=== Begin Enclosure ===
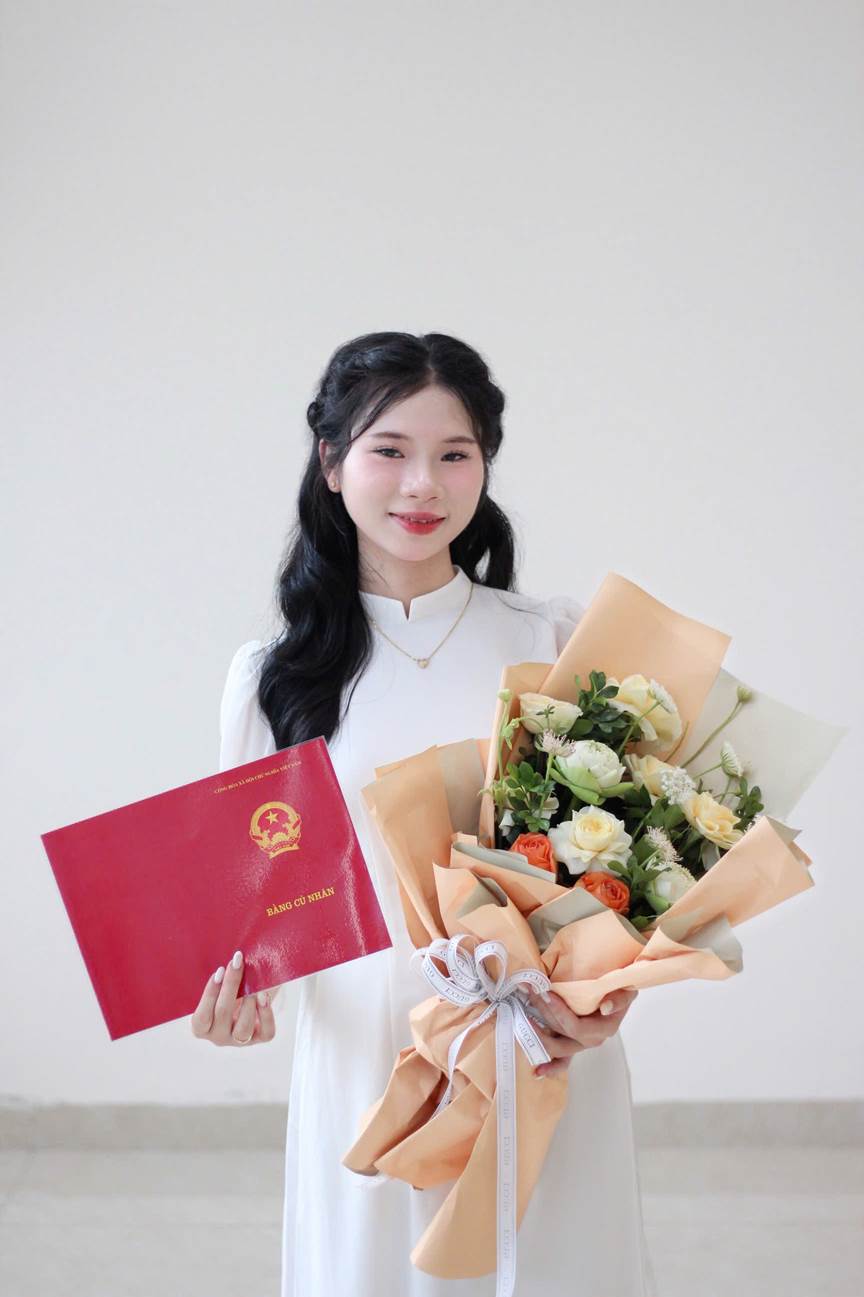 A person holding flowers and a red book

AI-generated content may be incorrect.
=== End Enclosure ===
=== Begin Enclosure ===
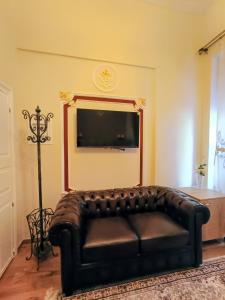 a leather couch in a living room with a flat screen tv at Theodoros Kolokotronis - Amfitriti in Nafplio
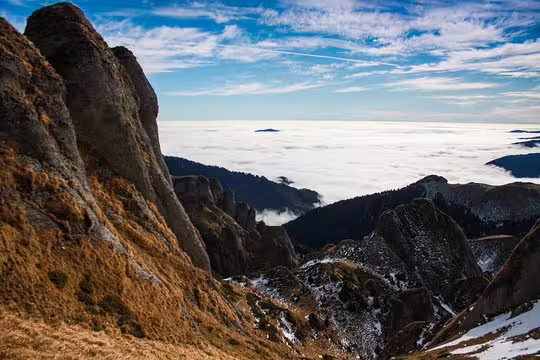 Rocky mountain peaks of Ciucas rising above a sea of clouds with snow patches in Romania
=== End Enclosure ===
(Problem requirements): Reproduce the data above exactly, but only from the line containing "a leather couch" through the line containing "Rocky mountain peaks". Omit all pictures.

(Expected output):
 a leather couch in a living room with a flat screen tv at Theodoros Kolokotronis - Amfitriti in Nafplio
 Rocky mountain peaks of Ciucas rising above a sea of clouds with snow patches in Romania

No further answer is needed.